During my many years of private practice in Alabama, I worked on many post-conviction death penalty cases in which the most glaring problem was woefully ineffective representation provided by appointed counsel for an indigent defendant. While in some cases the appointed counsel were simply unqualified or incompetent, a huge factor in every case was the severe lack of adequate compensation and resources provided to appointed counsel by the State of Alabama. To be handled properly, a death penalty case involves many hundreds of hours of work, a tremendous amount of research, multiple pretrial motions on a wide range of issues, and access to qualified experts to address matters such as intellectual disability, mitigation evidence, and so on.
My own personal experience in T’s case in Alabama demonstrates how early consular intervention can make a life-saving difference in a death penalty case. T was very poor. His appointed counsel, unlike many others I had encountered, were both quite competent and diligent, but they suffered from the same lack of resources as all others. In addition, they faced a hostile trial judge who was trying to rush the case to trial, and who made bad rulings on important issues from the outset. Fortunately, T’s mother was a savvy person who notified the German consulate very early about her son’s case. Consular officials reached out to an international organization that works on death penalty issues. That organization, in turn, contacted me and asked that I get involved in the case along with its staff attorney, who was not in Alabama.
Over a period of several months, my law firm and I provided pro bono support to the appointed trial team.
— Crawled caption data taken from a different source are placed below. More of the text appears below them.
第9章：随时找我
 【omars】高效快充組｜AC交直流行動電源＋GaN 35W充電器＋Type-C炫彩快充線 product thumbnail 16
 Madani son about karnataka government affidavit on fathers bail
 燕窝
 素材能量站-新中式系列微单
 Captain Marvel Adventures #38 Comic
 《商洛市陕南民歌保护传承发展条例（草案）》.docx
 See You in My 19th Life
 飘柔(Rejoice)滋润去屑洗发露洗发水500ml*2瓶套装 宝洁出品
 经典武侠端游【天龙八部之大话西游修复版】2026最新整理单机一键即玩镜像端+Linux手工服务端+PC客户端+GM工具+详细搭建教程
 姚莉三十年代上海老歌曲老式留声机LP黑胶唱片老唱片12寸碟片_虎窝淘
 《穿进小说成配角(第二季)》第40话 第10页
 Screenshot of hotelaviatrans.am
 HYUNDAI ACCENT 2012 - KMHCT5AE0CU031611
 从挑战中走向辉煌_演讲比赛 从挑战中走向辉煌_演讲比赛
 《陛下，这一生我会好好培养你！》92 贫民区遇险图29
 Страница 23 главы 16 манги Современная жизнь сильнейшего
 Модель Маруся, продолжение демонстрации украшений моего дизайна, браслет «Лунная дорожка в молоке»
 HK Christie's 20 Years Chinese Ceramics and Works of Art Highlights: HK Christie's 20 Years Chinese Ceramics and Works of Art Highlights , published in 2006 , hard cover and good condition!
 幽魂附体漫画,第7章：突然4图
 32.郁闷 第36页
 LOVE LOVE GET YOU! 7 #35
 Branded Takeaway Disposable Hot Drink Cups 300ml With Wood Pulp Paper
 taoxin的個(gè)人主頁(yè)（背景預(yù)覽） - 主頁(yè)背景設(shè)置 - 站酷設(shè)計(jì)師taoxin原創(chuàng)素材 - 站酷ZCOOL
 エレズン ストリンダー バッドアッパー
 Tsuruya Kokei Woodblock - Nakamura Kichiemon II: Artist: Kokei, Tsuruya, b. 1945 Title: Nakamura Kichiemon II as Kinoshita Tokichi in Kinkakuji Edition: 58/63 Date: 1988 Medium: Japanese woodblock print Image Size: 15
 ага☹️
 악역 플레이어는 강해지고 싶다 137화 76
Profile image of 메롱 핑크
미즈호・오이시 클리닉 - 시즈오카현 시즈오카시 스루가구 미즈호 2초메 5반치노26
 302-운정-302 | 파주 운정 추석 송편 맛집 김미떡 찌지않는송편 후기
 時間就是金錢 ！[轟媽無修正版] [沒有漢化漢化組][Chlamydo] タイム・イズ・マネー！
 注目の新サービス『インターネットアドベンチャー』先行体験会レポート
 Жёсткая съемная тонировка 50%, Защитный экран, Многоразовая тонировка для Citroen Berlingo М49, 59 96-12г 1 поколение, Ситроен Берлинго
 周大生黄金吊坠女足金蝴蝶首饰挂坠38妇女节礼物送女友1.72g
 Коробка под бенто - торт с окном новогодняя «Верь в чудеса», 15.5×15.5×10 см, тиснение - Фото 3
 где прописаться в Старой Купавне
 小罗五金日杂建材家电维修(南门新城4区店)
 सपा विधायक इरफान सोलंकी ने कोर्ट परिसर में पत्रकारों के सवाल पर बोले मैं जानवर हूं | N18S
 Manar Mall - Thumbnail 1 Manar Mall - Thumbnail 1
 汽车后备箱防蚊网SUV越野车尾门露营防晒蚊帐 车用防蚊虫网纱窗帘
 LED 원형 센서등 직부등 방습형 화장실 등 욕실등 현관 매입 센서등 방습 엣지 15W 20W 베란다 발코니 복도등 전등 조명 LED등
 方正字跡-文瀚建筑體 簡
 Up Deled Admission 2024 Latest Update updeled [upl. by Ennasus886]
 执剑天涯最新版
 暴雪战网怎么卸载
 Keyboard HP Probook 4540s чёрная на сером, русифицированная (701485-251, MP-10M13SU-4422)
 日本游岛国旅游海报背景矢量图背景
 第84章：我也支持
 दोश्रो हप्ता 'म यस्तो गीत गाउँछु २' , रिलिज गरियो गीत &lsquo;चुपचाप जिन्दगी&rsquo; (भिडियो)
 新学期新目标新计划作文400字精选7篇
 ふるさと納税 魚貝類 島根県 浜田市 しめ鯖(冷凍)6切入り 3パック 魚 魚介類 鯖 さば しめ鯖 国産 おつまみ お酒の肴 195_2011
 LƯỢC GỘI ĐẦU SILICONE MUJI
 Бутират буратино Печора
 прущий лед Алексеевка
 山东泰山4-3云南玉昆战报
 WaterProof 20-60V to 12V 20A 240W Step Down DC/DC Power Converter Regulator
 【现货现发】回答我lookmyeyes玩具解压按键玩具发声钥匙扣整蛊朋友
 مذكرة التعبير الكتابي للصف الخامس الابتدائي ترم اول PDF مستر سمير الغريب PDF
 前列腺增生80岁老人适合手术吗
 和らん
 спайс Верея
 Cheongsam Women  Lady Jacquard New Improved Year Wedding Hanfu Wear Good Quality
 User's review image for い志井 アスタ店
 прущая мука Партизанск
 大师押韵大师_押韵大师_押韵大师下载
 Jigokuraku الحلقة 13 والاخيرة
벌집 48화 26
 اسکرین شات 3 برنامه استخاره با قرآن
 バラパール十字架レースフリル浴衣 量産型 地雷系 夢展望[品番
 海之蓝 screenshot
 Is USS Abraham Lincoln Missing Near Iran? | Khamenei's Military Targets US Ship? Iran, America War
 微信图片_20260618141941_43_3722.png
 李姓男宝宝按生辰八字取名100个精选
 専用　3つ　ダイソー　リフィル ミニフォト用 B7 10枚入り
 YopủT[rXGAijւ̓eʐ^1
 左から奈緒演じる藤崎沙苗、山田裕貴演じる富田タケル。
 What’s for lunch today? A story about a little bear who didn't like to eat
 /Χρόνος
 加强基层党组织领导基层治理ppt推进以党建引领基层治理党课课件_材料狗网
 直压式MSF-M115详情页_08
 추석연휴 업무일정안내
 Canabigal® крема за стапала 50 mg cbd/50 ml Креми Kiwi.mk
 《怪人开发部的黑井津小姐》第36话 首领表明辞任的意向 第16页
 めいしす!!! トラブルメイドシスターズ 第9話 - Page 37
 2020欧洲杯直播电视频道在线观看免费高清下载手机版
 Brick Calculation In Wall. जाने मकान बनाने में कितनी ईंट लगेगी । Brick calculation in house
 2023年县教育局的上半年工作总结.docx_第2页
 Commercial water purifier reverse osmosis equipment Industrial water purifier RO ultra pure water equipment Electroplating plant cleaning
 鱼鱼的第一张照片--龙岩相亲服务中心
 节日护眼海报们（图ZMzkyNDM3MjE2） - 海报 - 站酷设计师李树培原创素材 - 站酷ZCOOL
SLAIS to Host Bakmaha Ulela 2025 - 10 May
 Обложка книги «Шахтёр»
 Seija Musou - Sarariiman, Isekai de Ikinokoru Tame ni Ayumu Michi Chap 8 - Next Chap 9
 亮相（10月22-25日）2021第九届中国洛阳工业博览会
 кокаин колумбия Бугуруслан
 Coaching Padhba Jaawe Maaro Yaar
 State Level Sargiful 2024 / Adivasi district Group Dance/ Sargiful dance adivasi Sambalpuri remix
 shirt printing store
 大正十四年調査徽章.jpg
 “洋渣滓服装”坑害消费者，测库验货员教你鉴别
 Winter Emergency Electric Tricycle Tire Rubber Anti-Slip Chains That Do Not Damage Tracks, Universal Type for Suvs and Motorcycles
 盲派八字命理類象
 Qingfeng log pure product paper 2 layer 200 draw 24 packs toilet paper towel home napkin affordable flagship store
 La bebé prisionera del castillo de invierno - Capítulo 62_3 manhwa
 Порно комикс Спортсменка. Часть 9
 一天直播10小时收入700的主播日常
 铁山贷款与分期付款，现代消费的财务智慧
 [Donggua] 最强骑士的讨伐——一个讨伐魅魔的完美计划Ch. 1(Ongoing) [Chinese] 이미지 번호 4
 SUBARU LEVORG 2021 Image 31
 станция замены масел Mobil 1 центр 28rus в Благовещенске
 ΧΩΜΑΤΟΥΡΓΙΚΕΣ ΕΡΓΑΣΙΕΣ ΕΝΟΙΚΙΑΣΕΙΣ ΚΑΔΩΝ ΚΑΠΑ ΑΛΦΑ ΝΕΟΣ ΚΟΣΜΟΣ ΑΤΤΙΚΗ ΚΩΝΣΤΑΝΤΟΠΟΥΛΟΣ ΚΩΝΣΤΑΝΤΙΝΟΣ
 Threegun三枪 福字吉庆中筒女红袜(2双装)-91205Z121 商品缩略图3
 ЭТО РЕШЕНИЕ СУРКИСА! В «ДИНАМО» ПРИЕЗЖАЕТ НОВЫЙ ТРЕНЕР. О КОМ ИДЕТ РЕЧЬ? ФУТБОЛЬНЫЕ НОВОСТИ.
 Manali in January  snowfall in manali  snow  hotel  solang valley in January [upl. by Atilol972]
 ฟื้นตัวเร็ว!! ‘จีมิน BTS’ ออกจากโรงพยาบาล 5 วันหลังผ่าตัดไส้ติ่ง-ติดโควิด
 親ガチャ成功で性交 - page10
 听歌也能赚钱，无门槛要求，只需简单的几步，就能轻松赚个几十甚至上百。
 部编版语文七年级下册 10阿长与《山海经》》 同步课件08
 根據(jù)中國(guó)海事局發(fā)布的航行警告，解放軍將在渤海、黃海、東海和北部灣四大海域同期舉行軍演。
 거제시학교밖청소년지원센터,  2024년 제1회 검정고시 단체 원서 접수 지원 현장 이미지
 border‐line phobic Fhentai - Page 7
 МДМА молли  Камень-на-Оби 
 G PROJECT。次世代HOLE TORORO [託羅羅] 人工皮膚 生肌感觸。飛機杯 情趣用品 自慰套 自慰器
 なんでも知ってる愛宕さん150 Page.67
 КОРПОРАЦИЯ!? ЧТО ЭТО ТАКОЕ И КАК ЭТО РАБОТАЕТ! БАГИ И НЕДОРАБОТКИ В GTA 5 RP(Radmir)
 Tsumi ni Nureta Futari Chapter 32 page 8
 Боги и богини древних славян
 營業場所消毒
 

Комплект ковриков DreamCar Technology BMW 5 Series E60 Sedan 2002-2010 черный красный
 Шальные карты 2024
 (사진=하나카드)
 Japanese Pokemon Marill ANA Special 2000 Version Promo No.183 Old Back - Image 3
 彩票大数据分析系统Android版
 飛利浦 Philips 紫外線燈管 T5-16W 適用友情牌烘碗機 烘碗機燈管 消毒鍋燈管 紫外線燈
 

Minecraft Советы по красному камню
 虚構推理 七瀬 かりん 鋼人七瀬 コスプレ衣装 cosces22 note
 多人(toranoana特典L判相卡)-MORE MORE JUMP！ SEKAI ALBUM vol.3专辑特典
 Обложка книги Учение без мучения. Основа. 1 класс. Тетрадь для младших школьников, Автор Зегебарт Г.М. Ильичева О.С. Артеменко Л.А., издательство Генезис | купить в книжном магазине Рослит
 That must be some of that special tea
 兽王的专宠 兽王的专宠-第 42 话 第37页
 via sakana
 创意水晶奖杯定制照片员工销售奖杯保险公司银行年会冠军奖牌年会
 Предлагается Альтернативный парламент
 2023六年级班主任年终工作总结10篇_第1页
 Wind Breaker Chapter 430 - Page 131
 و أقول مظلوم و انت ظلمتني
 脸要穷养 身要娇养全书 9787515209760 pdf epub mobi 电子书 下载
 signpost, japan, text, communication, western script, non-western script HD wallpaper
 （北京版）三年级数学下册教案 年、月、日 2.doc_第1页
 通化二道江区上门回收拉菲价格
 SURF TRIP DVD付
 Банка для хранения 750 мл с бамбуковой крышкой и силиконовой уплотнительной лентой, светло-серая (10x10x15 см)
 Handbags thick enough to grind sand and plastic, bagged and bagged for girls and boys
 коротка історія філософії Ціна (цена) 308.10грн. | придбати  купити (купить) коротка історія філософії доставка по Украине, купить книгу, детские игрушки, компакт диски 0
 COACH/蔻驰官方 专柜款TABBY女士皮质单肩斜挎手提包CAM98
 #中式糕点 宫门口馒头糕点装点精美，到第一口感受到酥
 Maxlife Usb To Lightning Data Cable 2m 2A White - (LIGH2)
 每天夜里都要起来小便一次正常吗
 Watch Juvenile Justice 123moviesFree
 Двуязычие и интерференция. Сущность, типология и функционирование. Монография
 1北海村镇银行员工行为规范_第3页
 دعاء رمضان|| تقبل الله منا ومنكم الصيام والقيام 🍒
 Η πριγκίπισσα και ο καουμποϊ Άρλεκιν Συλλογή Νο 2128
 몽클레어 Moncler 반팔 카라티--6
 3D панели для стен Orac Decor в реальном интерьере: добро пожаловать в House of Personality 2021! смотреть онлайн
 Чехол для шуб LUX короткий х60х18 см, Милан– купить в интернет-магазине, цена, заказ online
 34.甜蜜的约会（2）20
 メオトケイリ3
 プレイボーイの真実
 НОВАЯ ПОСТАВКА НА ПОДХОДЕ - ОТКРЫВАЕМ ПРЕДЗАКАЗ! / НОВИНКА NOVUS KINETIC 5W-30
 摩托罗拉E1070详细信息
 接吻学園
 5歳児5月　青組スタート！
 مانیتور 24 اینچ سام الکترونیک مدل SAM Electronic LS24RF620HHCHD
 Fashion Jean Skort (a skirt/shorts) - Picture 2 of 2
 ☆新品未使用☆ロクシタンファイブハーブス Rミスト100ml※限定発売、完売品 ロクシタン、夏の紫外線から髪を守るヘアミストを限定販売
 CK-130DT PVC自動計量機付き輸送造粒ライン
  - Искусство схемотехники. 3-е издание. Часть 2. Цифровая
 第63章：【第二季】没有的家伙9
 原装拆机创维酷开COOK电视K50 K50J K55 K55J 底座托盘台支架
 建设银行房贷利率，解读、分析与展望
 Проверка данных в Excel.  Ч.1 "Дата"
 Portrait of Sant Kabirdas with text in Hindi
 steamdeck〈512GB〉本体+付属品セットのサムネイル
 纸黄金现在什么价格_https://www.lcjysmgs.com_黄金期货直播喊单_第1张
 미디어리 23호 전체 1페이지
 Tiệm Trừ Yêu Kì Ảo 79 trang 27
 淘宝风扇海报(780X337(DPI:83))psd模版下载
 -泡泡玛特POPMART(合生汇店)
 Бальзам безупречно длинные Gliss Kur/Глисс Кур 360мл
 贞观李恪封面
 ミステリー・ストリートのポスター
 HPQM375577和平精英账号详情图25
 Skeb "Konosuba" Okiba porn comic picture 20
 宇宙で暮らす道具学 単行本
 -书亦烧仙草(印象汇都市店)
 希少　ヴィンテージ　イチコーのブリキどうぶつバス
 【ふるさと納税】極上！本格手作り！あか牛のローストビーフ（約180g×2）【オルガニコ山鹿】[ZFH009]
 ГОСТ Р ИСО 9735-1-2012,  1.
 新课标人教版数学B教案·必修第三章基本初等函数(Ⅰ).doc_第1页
We researched and drafted numerous pretrial motions, as well as successful mandamus petitions to overturn the trial judge’s earlier rulings. We assisted the trial team in identifying, seeking funds for, and hiring the experts needed to address T’s suspected intellectual disability, and ultimately filed a motion to exclude the death penalty in his case because of that disability. I’m happy to say that motion was also successful, and the trial court had little choice but to order that the death penalty be excluded. I have nothing but admiration for the hard work of the appointed lawyers in T’s case, but it is fair to say that this result would not have been achieved if the German consulate had not arranged for the additional pro bono assistance T received. The meager resources the appointed lawyers were provided, and the trial court’s efforts to rush them to trial before the intellectual disability case could be properly developed, would have prevented it from happening.